“Operation Endgame” Adopted to Prevent Immigrants from Evading Deportation
According
to the South Florida Sun-Sentinel, the U.S. Immigration and Customs Enforcement
(ICE) is adopting stricter detention policies.
In an effort to stop immigrants from evading deportation, the first step
of “Operation Endgame” is to detain immigrants as soon as judges deny their
cases and order the immigrants removed from the United States.
Presently, deportable immigrants without a criminal record remain free as
they pursue appeals or dissolve their households.
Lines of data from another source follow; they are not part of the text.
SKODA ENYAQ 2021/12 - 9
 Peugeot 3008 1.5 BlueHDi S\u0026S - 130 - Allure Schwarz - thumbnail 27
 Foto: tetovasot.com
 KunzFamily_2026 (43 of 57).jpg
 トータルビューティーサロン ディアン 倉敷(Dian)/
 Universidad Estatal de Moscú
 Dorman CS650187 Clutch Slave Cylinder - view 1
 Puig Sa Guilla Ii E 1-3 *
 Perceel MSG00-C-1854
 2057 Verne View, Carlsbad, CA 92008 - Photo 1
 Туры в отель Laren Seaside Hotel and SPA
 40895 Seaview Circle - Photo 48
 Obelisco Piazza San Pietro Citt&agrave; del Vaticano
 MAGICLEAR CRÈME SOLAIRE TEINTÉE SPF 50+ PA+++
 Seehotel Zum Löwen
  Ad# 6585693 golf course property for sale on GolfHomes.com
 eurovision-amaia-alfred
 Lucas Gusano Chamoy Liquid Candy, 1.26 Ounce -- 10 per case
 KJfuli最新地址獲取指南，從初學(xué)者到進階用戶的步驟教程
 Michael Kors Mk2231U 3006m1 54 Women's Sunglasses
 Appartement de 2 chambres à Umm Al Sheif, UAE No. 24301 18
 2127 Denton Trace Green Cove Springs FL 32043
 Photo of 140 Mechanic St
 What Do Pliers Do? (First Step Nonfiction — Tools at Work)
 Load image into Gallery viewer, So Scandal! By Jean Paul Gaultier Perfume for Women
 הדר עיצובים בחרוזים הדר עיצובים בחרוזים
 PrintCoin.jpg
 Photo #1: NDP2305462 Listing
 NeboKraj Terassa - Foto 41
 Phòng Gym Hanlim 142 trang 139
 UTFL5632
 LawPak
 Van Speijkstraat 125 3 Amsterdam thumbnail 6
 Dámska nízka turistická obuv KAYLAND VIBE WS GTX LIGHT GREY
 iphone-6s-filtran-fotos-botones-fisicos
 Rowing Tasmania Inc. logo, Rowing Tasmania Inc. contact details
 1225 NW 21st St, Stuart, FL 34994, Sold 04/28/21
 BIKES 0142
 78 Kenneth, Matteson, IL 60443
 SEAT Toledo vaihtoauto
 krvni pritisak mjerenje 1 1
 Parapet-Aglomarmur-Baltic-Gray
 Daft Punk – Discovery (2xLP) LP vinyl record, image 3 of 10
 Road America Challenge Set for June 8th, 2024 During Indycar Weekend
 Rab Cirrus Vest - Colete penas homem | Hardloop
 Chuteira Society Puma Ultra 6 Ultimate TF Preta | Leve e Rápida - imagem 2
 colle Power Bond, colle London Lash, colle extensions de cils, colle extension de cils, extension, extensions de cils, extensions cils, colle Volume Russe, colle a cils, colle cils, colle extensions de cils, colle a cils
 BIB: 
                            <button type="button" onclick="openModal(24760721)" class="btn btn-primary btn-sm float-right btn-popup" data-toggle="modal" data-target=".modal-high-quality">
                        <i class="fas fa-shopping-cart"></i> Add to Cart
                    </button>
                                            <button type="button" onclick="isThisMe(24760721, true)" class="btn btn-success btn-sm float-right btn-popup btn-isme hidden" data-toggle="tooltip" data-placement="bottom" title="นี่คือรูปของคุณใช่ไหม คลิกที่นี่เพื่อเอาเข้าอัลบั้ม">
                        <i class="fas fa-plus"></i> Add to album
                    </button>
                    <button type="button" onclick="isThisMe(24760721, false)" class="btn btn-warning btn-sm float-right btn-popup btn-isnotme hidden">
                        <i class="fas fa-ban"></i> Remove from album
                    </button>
Officials report that every year tens of thousands of deportable
immigrants go underground instead of complying with final deportation verdicts.
Another
step in the strategy of Operation Endgame is to release many of the immigrants
and track them with an intensive supervision program that could include
ankle-bracelet monitors. A participant in this current pilot program, Orfa
Salazar, says she feels much freer than she did during her 10 months in
detention and hopes for more flexible supervision under the new program.
Critics
of this plan say that these measures are far from efficient and excessively
harsh. Immigration lawyers note that the stress of an asylum hearing has been
multiplied by the fear of possible immediate detention after judgment.
This fear has led to an increase in the number of petitioners who skip
their final immigration hearings.
ICE
officials stated that they did not know when these policies would be enforced on
a national level, or how the steps of the plan would fit together.